Hubbard (2009) describes risk management as the “identification, assessment, and prioritization of risks followed by coordinated and economical application of resources to minimize, monitor, and control the probability and/or impact of unfortunate events or to maximize the realization of opportunities.”
Risk is defined as the result of an uncertainty in an organization which could be financial, legal, natural or a deliberate act of a competitor or adversary (Crockford 1986; Gorrod 2004). Many organizations that practice risk management are mostly concerned with those risks that are well within their control and those which can be quantified and assessed.
The criterion in risk management is similar in all organizations due to the standardization of the process. The ISO standard requires that risk management is done in five steps (SAA 2009; Institute of Risk Management 2002). First, the risk manager identifies and characterizes the threats that the organization is faced with.
Next, he or she assesses the vulnerability of the organization’s critical assets to the identified threats. The third step involves determining risk which involves establishing the expected consequences of a threat materializing. The next step involves identification of ways to reduce the risk established. Finally, the manager prioritizes strategically all risk reduction measures.
The identification of risks plays an important role in risk management. Once the risk that is likely to cause problems is identified, the risk manager should work from the source of the problem or the problem itself (Alberts et al. 2008; Charles 2004). Therefore, there are two ways of analysis risk; source analysis and problem analysis.

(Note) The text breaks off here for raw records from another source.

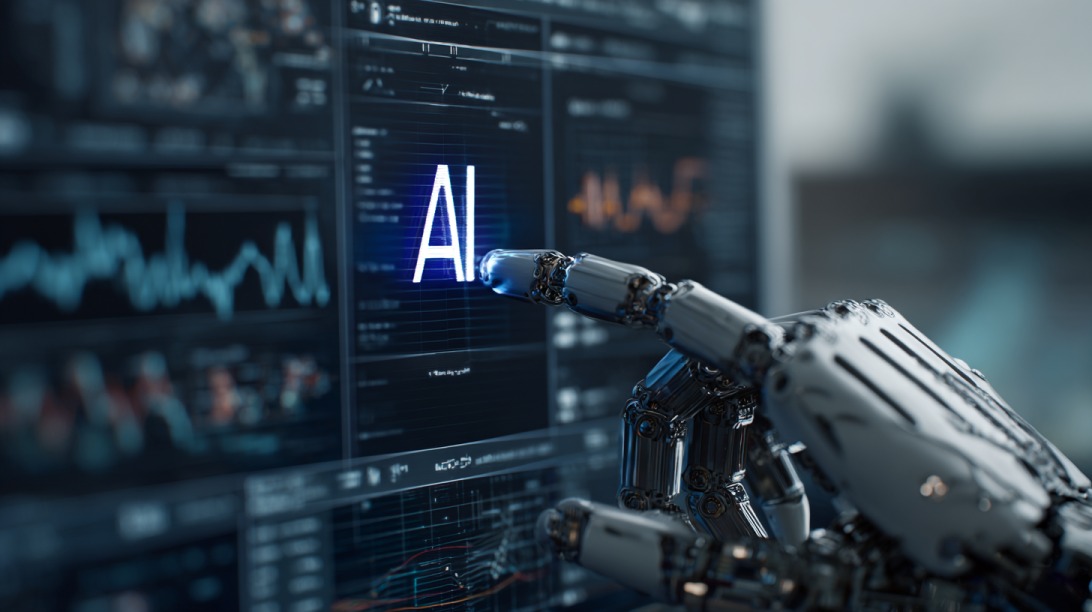 Robotic hand interacting with AI interface on digital screen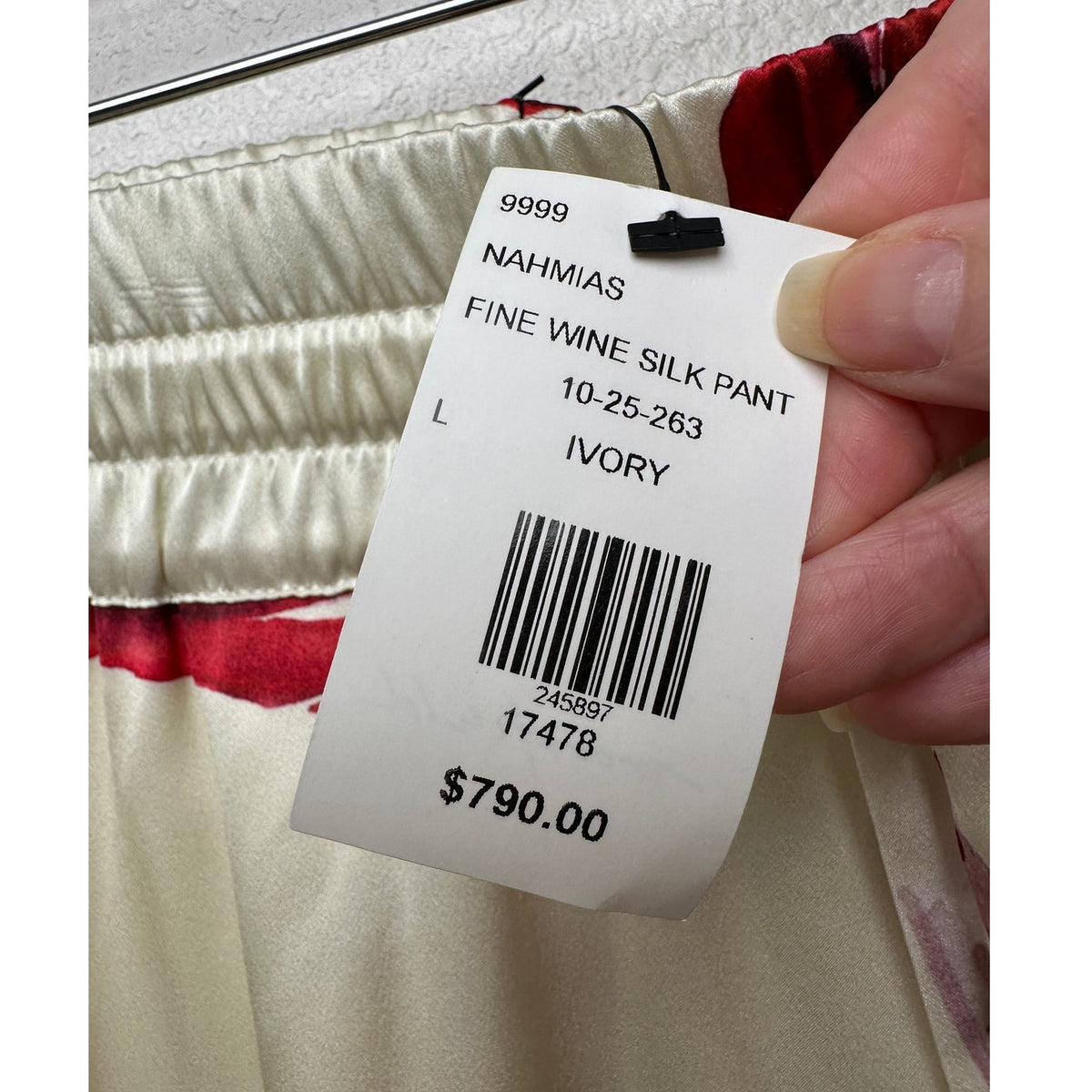 Nahmias Silk Pajama Set Wine Glass Print Ivory Cream L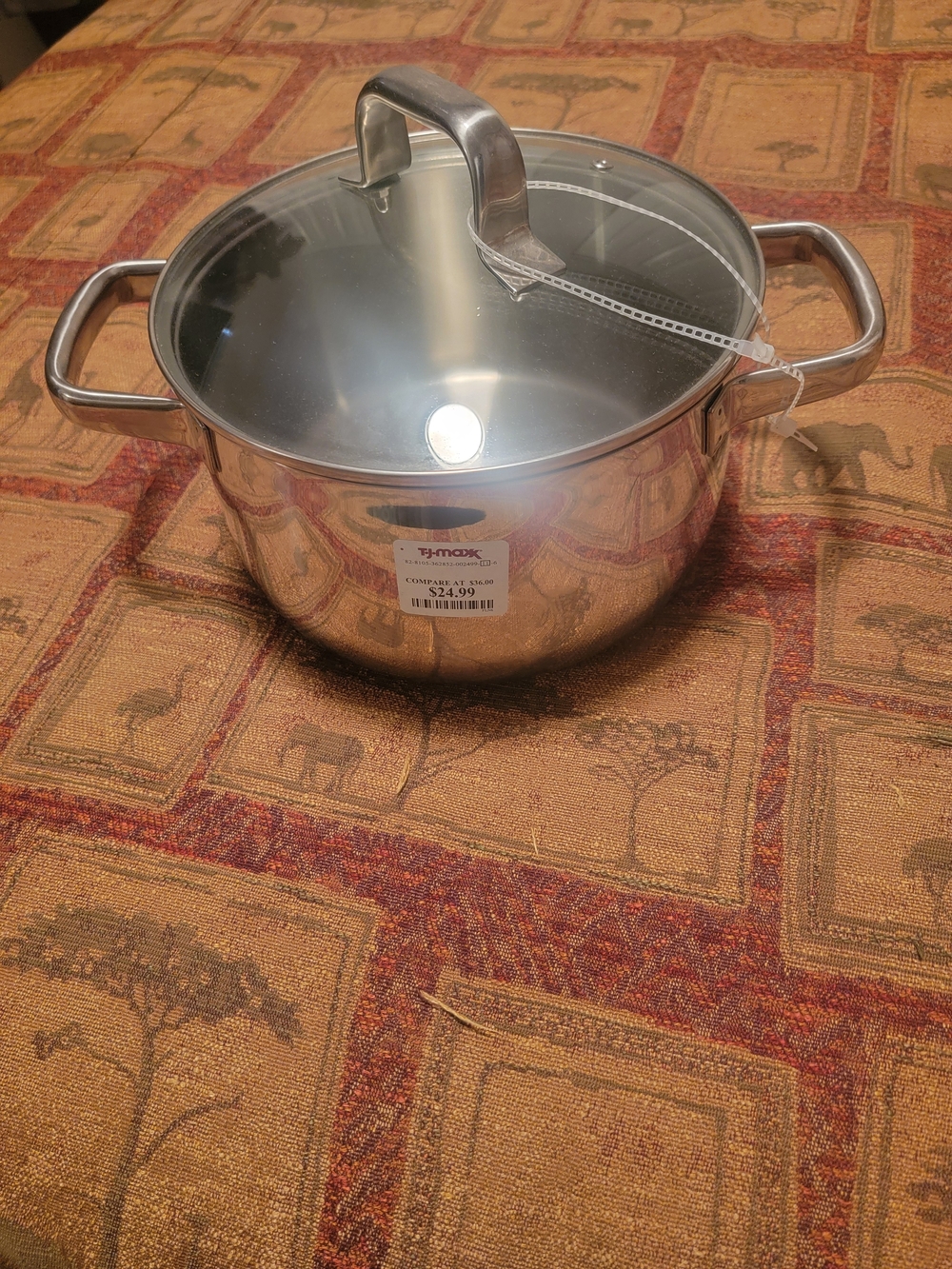 T.J.Maxx Stainless Steel Stockpot with Glass Lid - Silver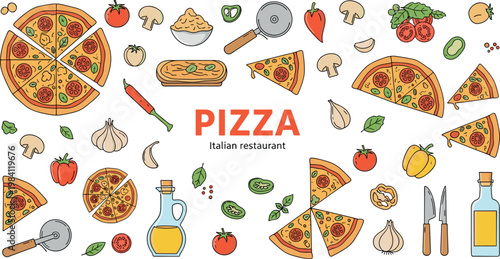 Colorful Pizza Ingredients and Slices Illustration Set with Vegetables, Cheese, Herbs, and Cooking Elements for Menu Design and Food Graphics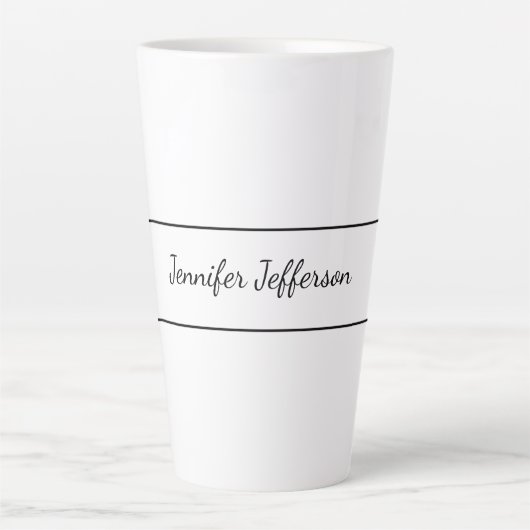 Tasse Latte Élégante écriture moderne à la main Plain Professi (Devant)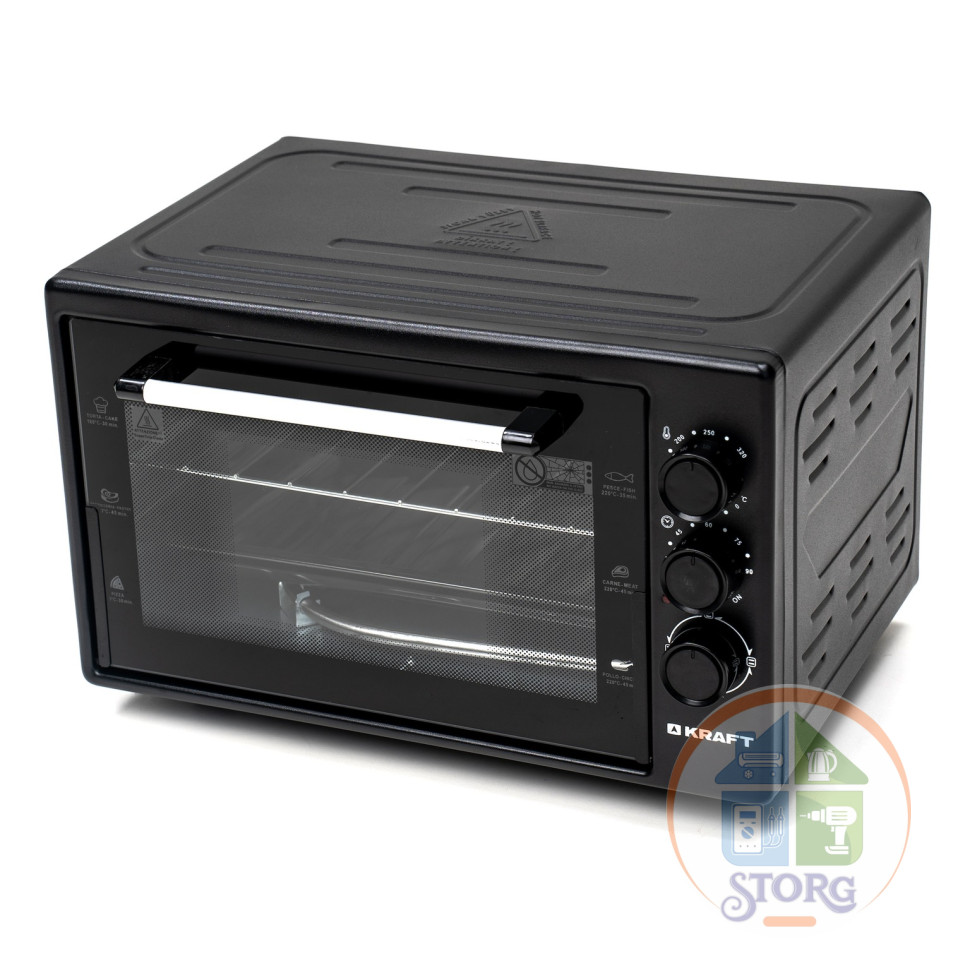 Духовой шкаф KRAFT KF-MO 3800 BL, черный, объем 38л, 1500Вт, нагр.до 320 °C Духовой шкаф KRAFT KF-MO 3800 BL, черный, объем 38л, 1500Вт, нагр.до 320 °C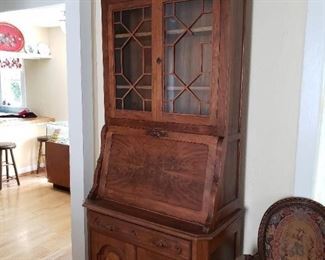 A Wonderful Antique Curio Secretary Desk Cabinet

Source analysis involves investigation of the internal and external elements of the system that are vulnerable to risk such as employees, project stakeholders e.t.c that can be considered risk sources (Van Deventer et al. 2004).
Problem analysis looks at identifiable threats e.g. threat of accidents, loss of money, stealing of private information e.t.c. These threats are extrinsic to the company and involve customers, shareholders and government entities all of which are outside the organization’s control (Moteff 2005).
The method of identifying risks generally depends on the industry practice (Hutto 2009) and thus various industries use any of the following methods; objective-based risk identification which is based on the organization’s objectives (Dorfman 2007).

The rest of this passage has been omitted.